By The Gracious Vegan

FB Sweet potato pecan pie.jpg

Make this for Thanksgiving and you will be showered with praise. It’s not whole-food unprocessed, but it’s incredibly delicious and can show omnivores how good desserts can be without dairy and eggs.

Makes: 12 slices

Preheat oven to 365° F.

Crust. Use a food processor to break down the gingersnap cookies into crumbs

  • 9 ounces gingersnap cookies

Add the following ingredients and process briefly until incorporated. 

  • 1 teaspoon ground ginger

  • 1 teaspoon ground cinnamon

  • 5 Tablespoons vegan butter, melted

Transfer the crumbs to a 9-inch springform pan and pat with your hands into the bottom and up the sides (about 1 - 1.5 inches). Bake the crust for 5 minutes.

Sweet potato layer. Process the following ingredients in the food processor until smooth.

  • 1.5 cups cooked sweet potato (18 ounces baked or microwaved, skins removed)
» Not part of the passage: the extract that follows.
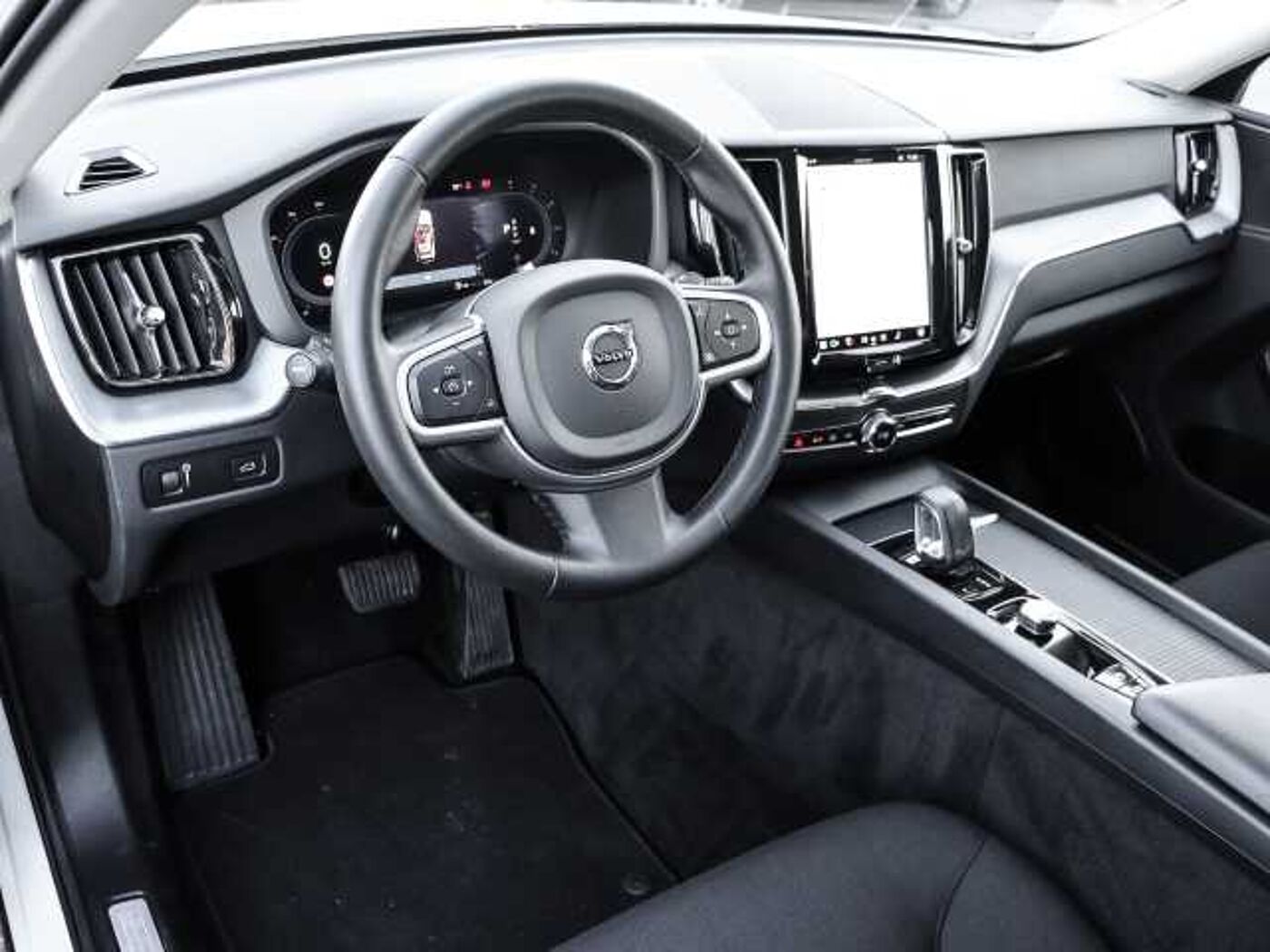 Volvo  Momentum Pro 2WD B4 Diesel EU6d AHK digitales Cockpit Soundsystem LED Kurvenlich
  • 1/2 cup light brown sugar

  • 1/2 cup tofu (I prefer firm silken tofu that comes in the vacuum pack) (see more tofu needed below)

  • 2 teaspoons pumpkin pie spice

  • 2 teaspoons cornstarch

Carefully spread the sweet potato mixture over bottom of pie shell.

Pecan layer. Sprinkle the pecans over the sweet potato layer.

  • 3/4 cup chopped pecans

Process the following ingredients in the same food processor.

  • 1/2 cup dark corn syrup

  • 3/8 cup tofu (same recommendation as above)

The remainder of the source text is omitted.